Programming Notes for Using NVIDIA® CUDA™ Toolkit
This reference material is intended for users who want to use the computational resources of their NVIDIA GPU board for numeric processing when using the IMSL C Numerical Library. Users who do not have the NVIDIA GPU board can ignore this section.
Rationale and General Algorithm
NVIDIA® CUDA™ technology leverages the massively parallel processing power of NVIDIA GPUs. The NVIDIA CUDA Toolkit provides functions which can be used as building blocks for an application taking advantage of this technology. IMSL C Numerical Library has incorporated the use of some of these functions to improve the overall performance of the library.
No direct use or knowledge of the NVIDIA CUDA Toolkit is required to take advantage of these functions. The program or application is simply rebuilt using environment variables which link with the NVIDIA CUDA Toolkit libraries.
The strategy for using the NVIDIA GPU is given by the following algorithm:
If an NVIDIA-enabled version of an IMSL function is called and the maximum of vector or matrix dimensions are
greater than or equal to a threshold value,
then Copy the required vector and matrix data from the CPU to the GPU
Compute the result on the GPU
Copy the result from the GPU to the CPU
Else, use the IMSL equivalent version of the function that does not use the GPU.
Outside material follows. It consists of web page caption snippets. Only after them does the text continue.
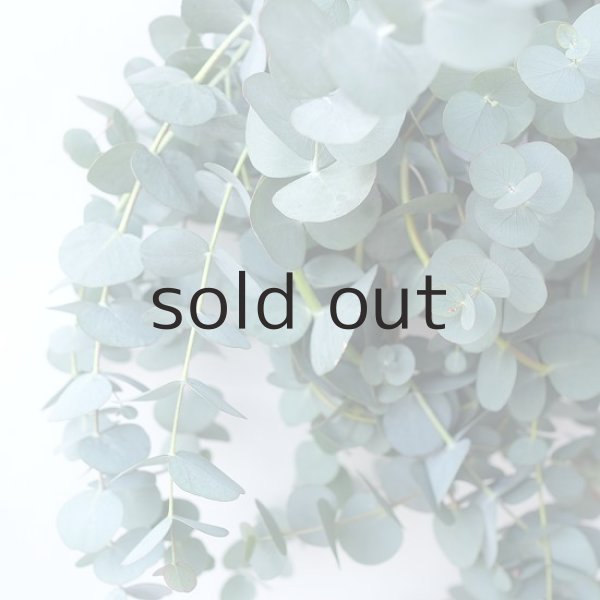 画像3: Dry plants for decor 銀丸葉リース (3)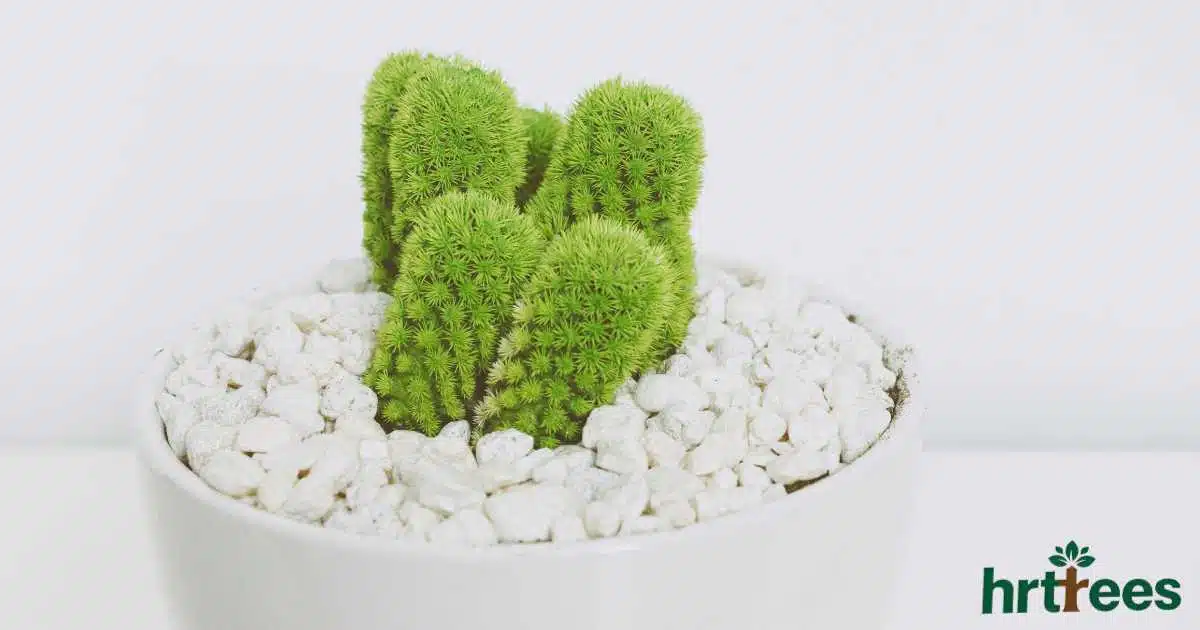 plant puns featured image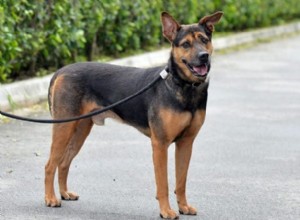 シンガポールの特別な犬を飼い、世話をするための詳細なガイド 
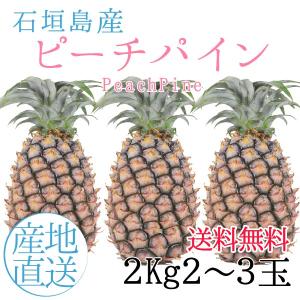 【６月下旬〜８月下旬の収穫期間内での発送】ギフト 沖縄 石垣島産 ピーチパイン 2kg 2〜3玉 沖縄 お土産 フルーツギフト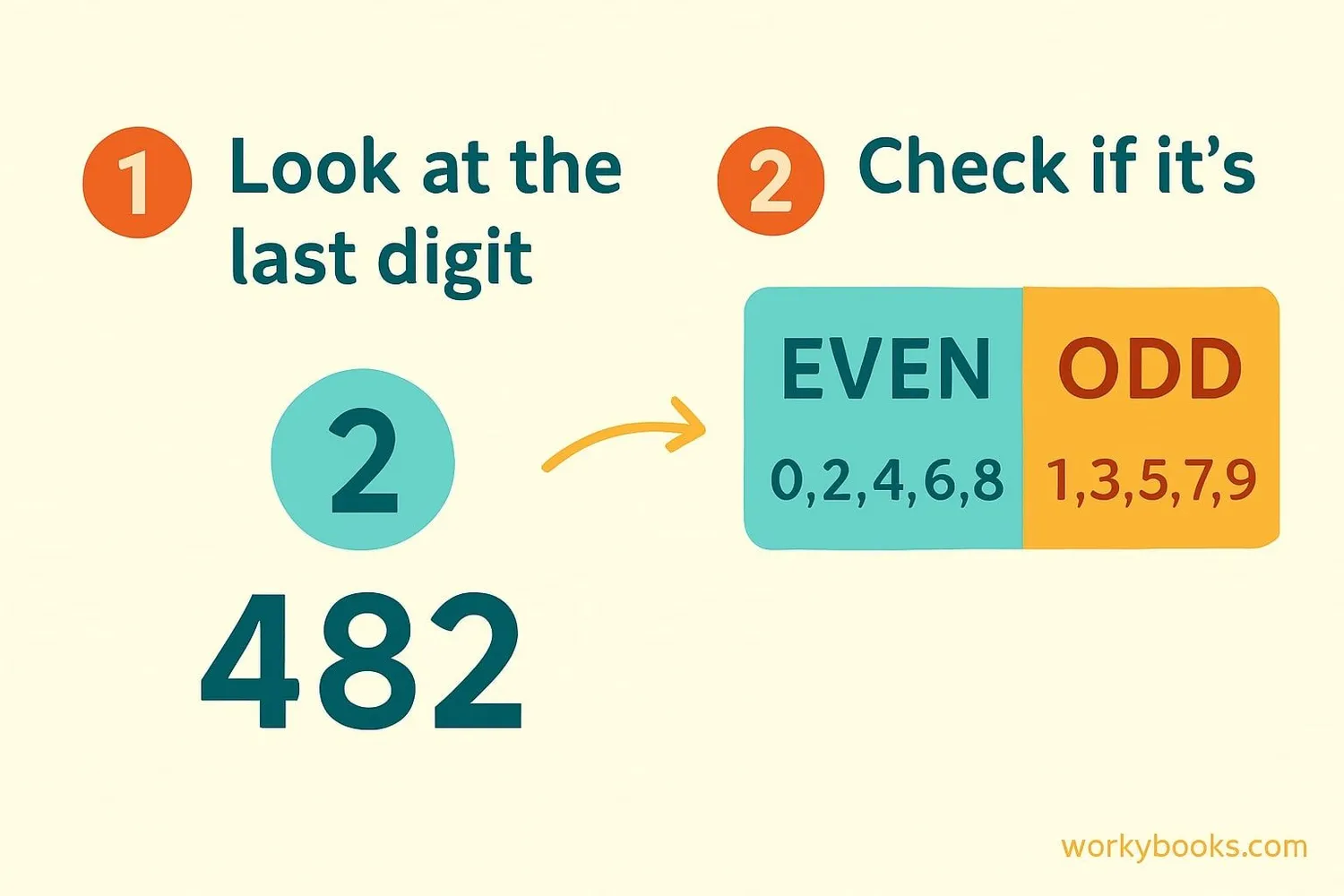 Step-by-step guide to identifying even and odd numbers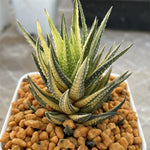 Haworthia Hybrid Koteki Nishiki variegated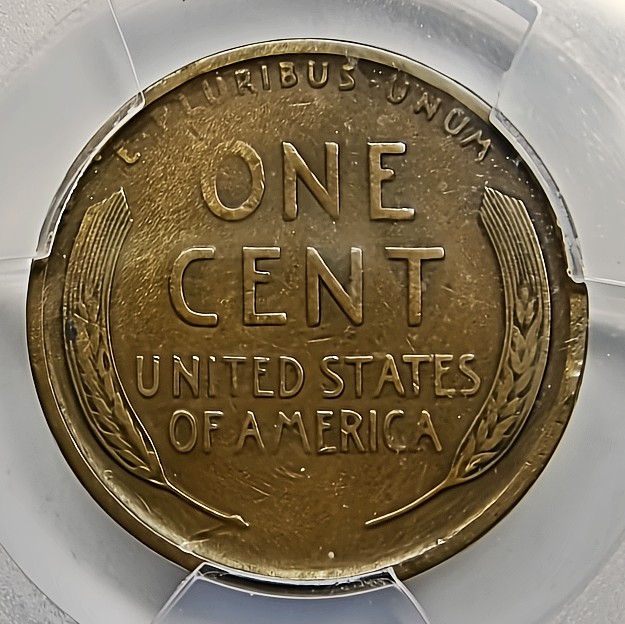 1909-S-Wheat-Cent-Coin-Grading!
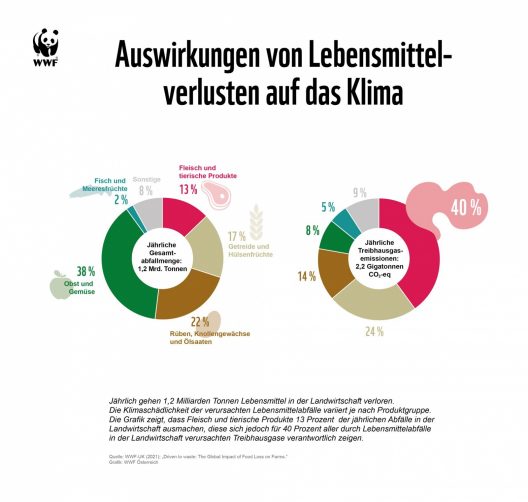 Grafik: Auswirkungen von Lebensmittelverlusten auf das Klima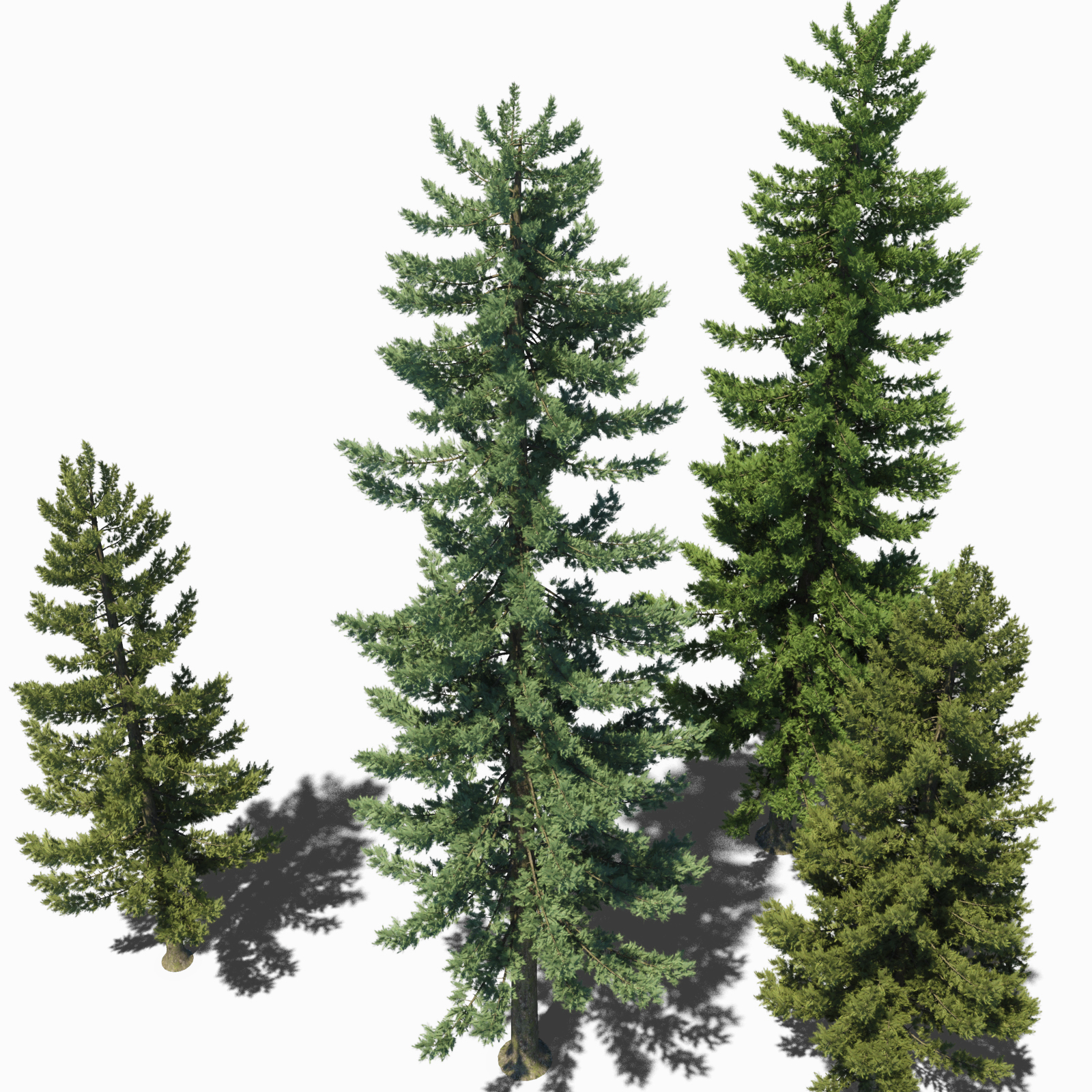 3d-pine-tree-model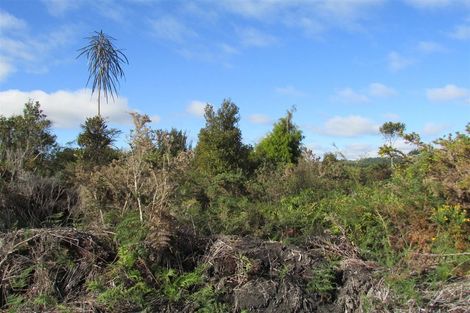 Photo of property in 240 Maori Creek Road, Marsden, Greymouth, 7872
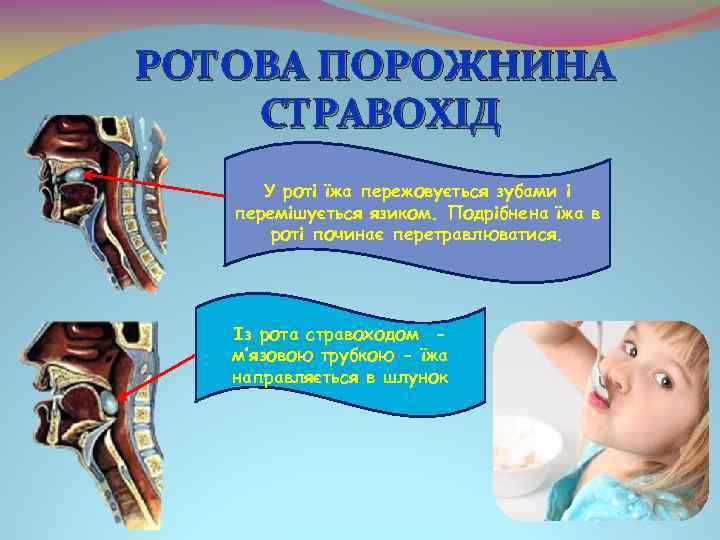 РОТОВА ПОРОЖНИНА СТРАВОХІД У роті їжа пережовується зубами і перемішується язиком. Подрібнена їжа в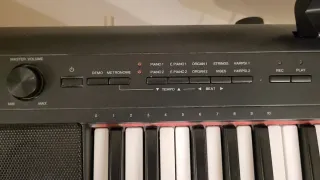 Teclado Yamaha Piaggero NP-12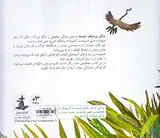 سنگ بی حرکت نشسته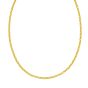 14K 3.3mm Charm Links Chain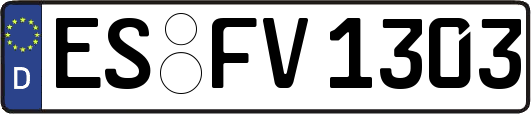 ES-FV1303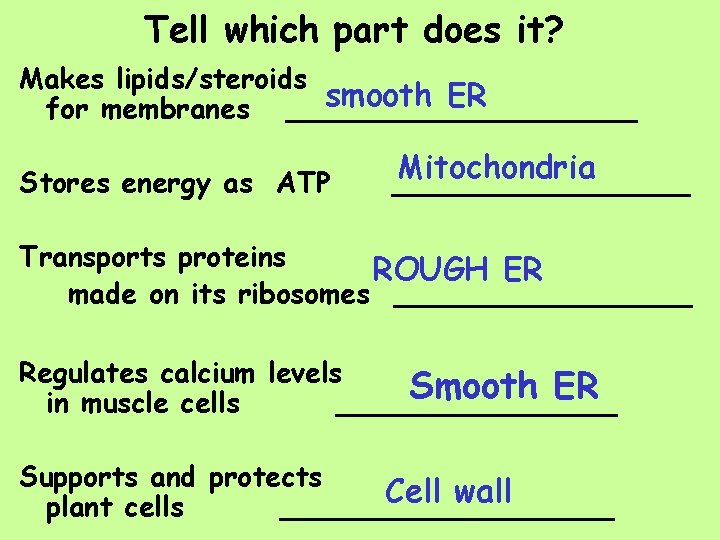 Tell which part does it? Makes lipids/steroids smooth ER for membranes __________ Stores energy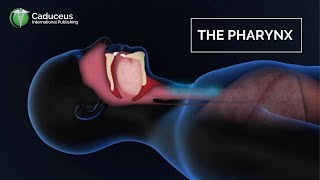 Grand Rounds  Hypopharynx  A case of Hypoharyngeal Growth [upl. by Morell]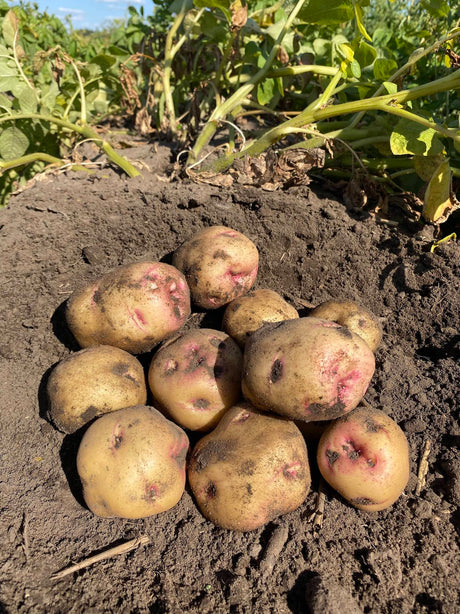 Seed Potatoes - Warba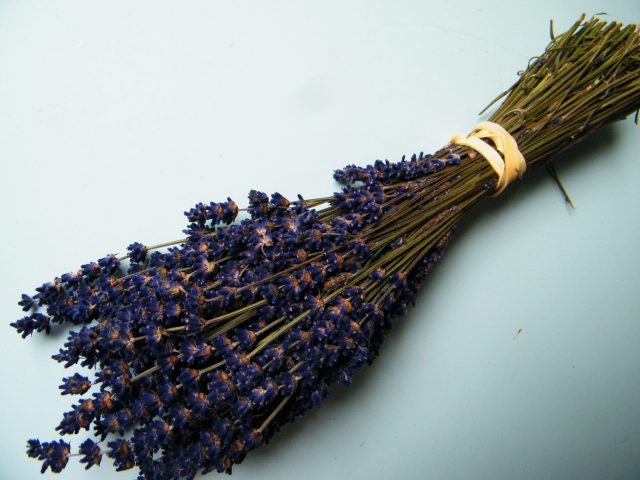 dried lavender bunch uk
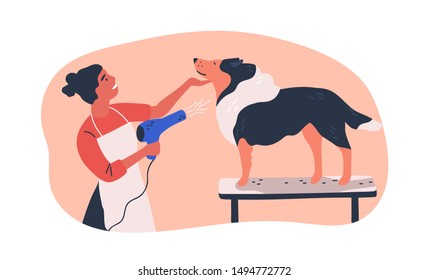 Dog grooming service flat vector illustration. Hairdresser holding electric hairdryer equipment cartoon character. Groomer drying domestic animal hair isolated clipart. Pet standing on table in salon.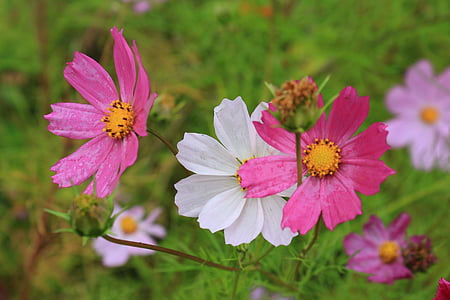 Θιβέτ, xinduqiao, gesanghua, λουλούδι, πανέμορφο, ροζ, λευκό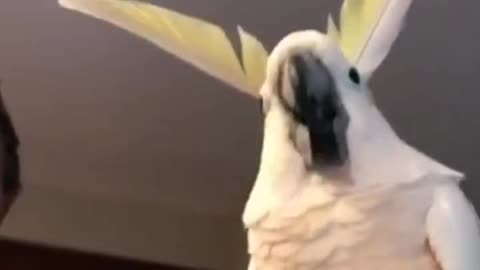 parrot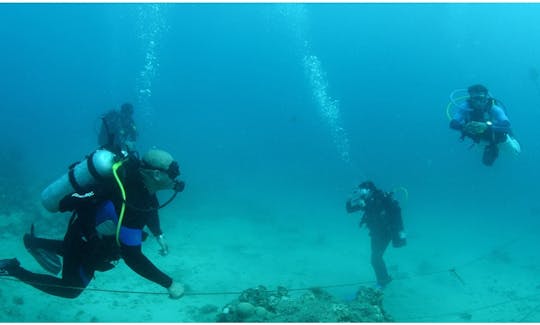 Apprenez à faire de la plongée sous-marine dans le gouvernorat de Hawalli, au Koweït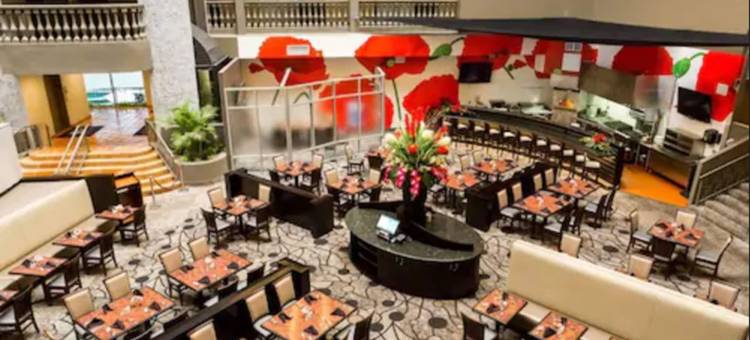 迈克艾伦希尔顿逸林套房酒店(DoubleTree Suites by Hilton McAllen)图片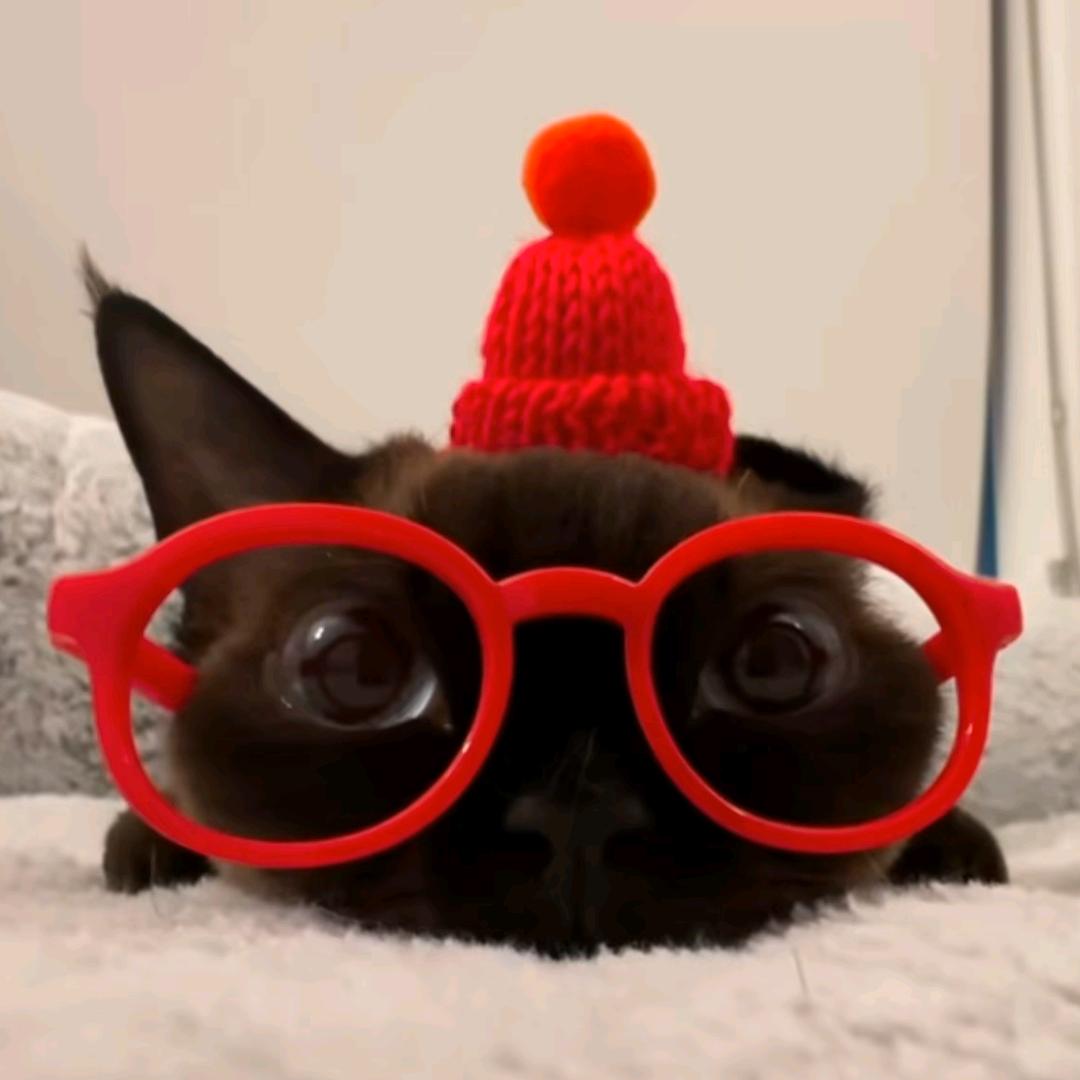 爱喝东方树叶🍃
Normally a code that calls an IMSL/NVIDIA code does not have to be aware of the copy steps or the threshold size. These are hidden from the user code. Users have the option of changing the threshold size. This is important because using the GPU may be slower than using a CPU version of the code until array sizes become sufficiently large. Thereafter the GPU version is typically faster and increasingly much faster as the problem size increases. The default threshold value is 32 but it may not be optimal. This default allows the functions to perform correctly without initial attention to this value.
The user can change the threshold value for all or specific IMSL/NVIDIA functions by using the IMSL function
imsl_cuda_set. The threshold values can be obtained using the IMSL function
imsl_cuda_get.
The floating point results obtained using the CPU vs. the GPU will likely differ in units of the low order bits in each component. These differences come from non-equivalent strategies of floating point arithmetic and rounding modes that are implemented in the NVIDIA board. This can be an important detail when comparing results for purposes of benchmarking or code regression. Generally either result should be acceptable for numerical work.